High fire risk for British Columbia resorts

The fire risk surrounding many of British Columbia's resorts is high, Public Eye has learned. As a result, the ministry of tourism, culture and the arts will be preparing wildfire protection plans for three of those resorts - just as the province's fire season is heating up. But those plans won't be ready until November.

According to documents posted yesterday on BC Bid, an analysis completed by the ministry's resort development branch in 2009 indicated "the fire threat risk is high on many resorts within Controlled Recreation Areas on Crown Land in BC."

That's a threat to "millions of dollars in recreational improvements (i.e. ski lifts, bike trails/courses) on Crown Land as well high value properties and infrastructure on adjacent private land."

And, should a catastrophic fire occur, the ministry's goals of making British Columbia a world class all season resort destination and doubling tourism revenues by 2015 could be "impacted."
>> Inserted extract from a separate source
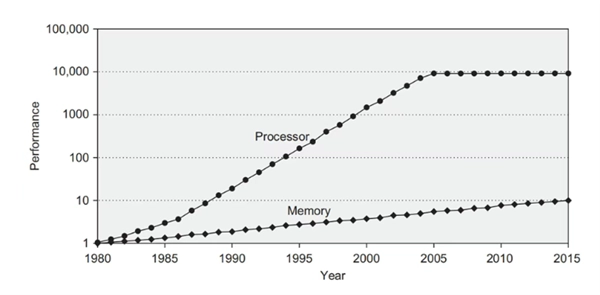 国产香山团队推出开源DDR4内存控制器IP“白杨”：性能比肩商用IP水准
As a result, the ministry is looking to hire consultants to prepare wildlife protection plans that will assess interface fire risks around Big White, Panorama and Silver Star and "provide recommendations on how the hazard can be reduced to low and moderate levels."

The budget for each plan is approximately $11,000. But the plans won't be ready until November 2009.

In response, a ministry spokesperson said tourism, culture and the arts assumed responsibility for controlled recreation areas in 2006. And the preparation of those plans is part of that responsibility. The spokesperson also said plans will eventually be written for all of the 31 areas under the ministry's control.

The following is a complete copy of the relevant portion of those requests for proposal.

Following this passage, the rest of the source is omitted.